(Web page caption snippets)
***
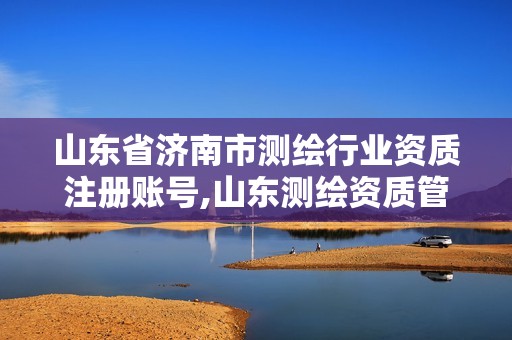 山东省济南市测绘行业资质注册账号,山东测绘资质管理平台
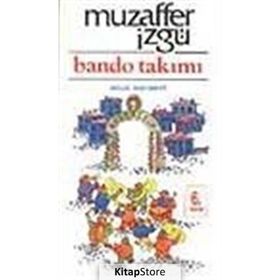 BANDO TAKIMI - MUZAFFER İZGU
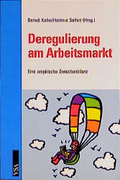 Deregulierung am Arbeitsmarkt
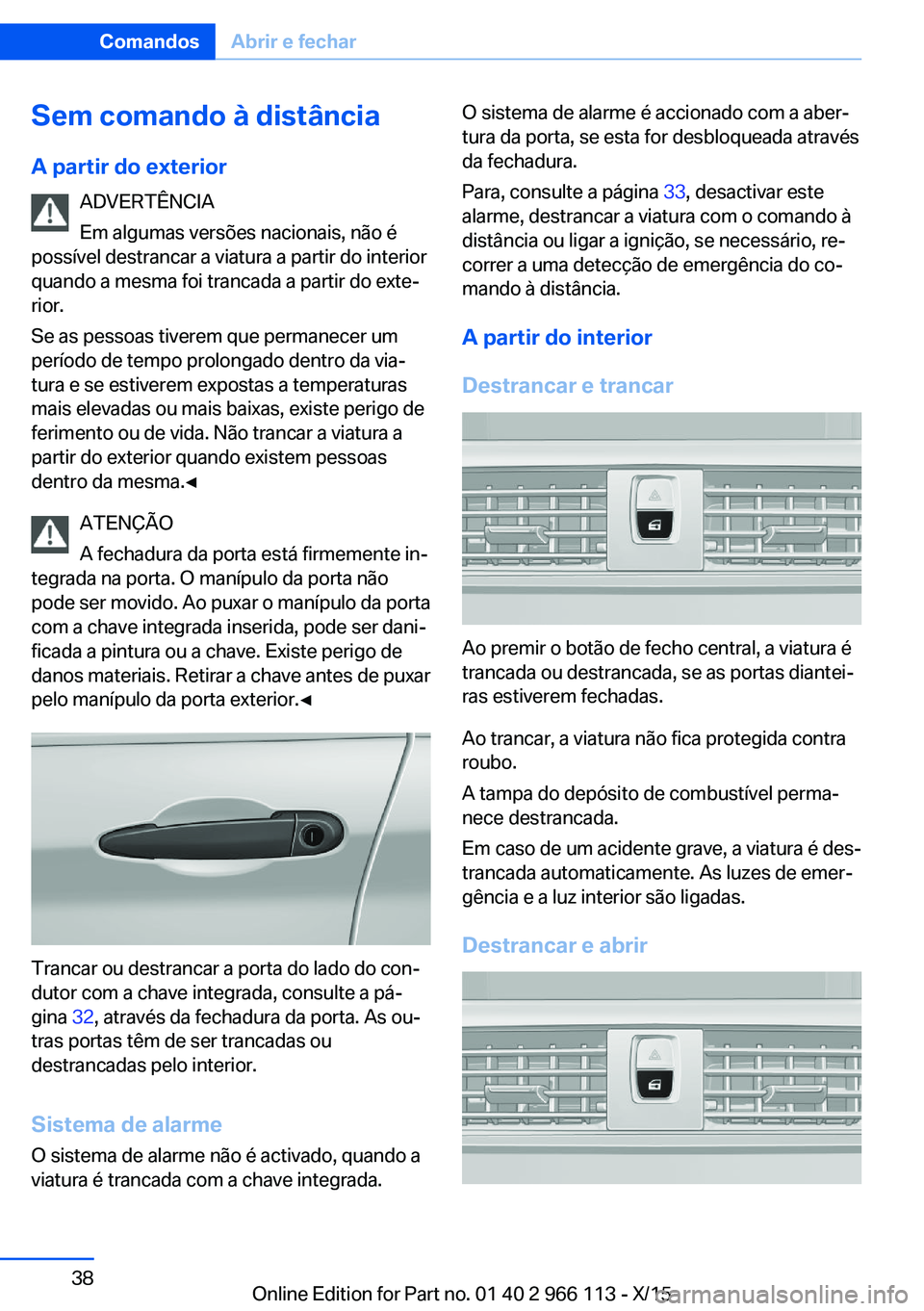 BMW 3 SERIES 2016 Manual do condutor (in Portuguese) Sem comando à distância
A partir do exterior ADVERTÊNCIA
Em algumas versões nacionais, não é
possível destrancar a viatura a partir do interior
quando a mesma foi trancada a partir do exte‐
r BMW 3 SERIES 2016 Manual do condutor (in Portuguese) Sem comando à distância
A partir do exterior ADVERTÊNCIA
Em algumas versões nacionais, não é
possível destrancar a viatura a partir do interior
quando a mesma foi trancada a partir do exte‐
r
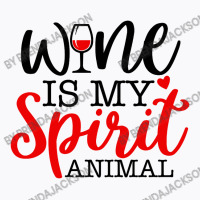 Wine Is My Spirit Animal T-shirt | Artistshot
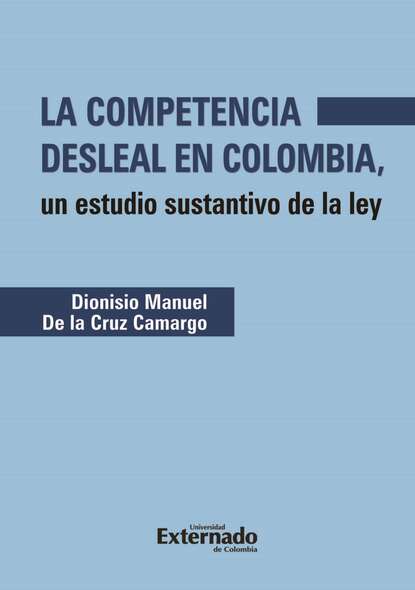 Скачать книгу La competencia desleal en Colombia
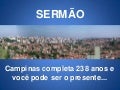 238 aniversário de campinas   sobre relacionamentos... aprendendo com jesus. - joão 8 1-11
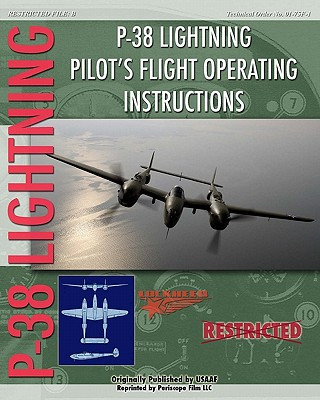 Kniha P-38 Lighting Pilot's Flight Operating Instructions United States Army Air Force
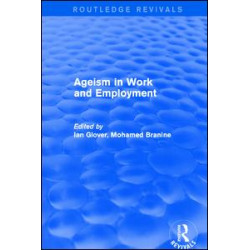 Ageism in Work and Employment Ageism in Work and Employment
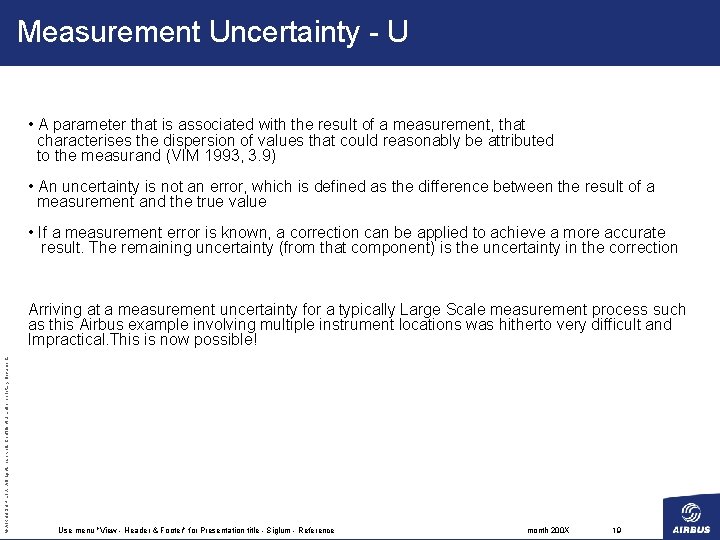 Measurement Uncertainty - U D • A parameter that is associated with the result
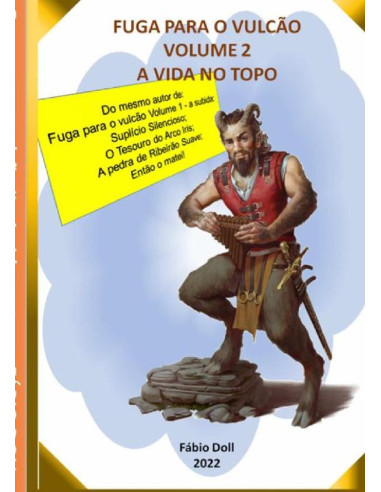 Fuga Para O Vulcão Ii:A vida no topo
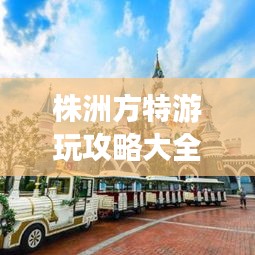 株洲方特游玩攻略大全，玩轉(zhuǎn)樂(lè)園必備秘籍！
***
§ Task to complete:
Would you retype the entries above in full, exactly as written, minus the pictures?

§ Response to the task:
 山东省济南市测绘行业资质注册账号,山东测绘资质管理平台
 BANDO TAKIMI - MUZAFFER İZGU
 Deregulierung am Arbeitsmarkt
 BMW 3 SERIES 2016 Manual do condutor (in Portuguese) Sem comando à distância
A partir do exterior ADVERTÊNCIA
Em algumas versões nacionais, não é
possível destrancar a viatura a partir do interior
quando a mesma foi trancada a partir do exte‐
r BMW 3 SERIES 2016 Manual do condutor (in Portuguese) Sem comando à distância
A partir do exterior ADVERTÊNCIA
Em algumas versões nacionais, não é
possível destrancar a viatura a partir do interior
quando a mesma foi trancada a partir do exte‐
r
 Wine Is My Spirit Animal T-shirt | Artistshot
 Скачать книгу La competencia desleal en Colombia
 238 aniversário de campinas   sobre relacionamentos... aprendendo com jesus. - joão 8 1-11
 Kniha P-38 Lighting Pilot's Flight Operating Instructions United States Army Air Force
 Ageism in Work and Employment Ageism in Work and Employment
 Measurement Uncertainty - U D • A parameter that is associated with the result
 Fuga Para O Vulcão Ii:A vida no topo
 株洲方特游玩攻略大全，玩轉(zhuǎn)樂(lè)園必備秘籍！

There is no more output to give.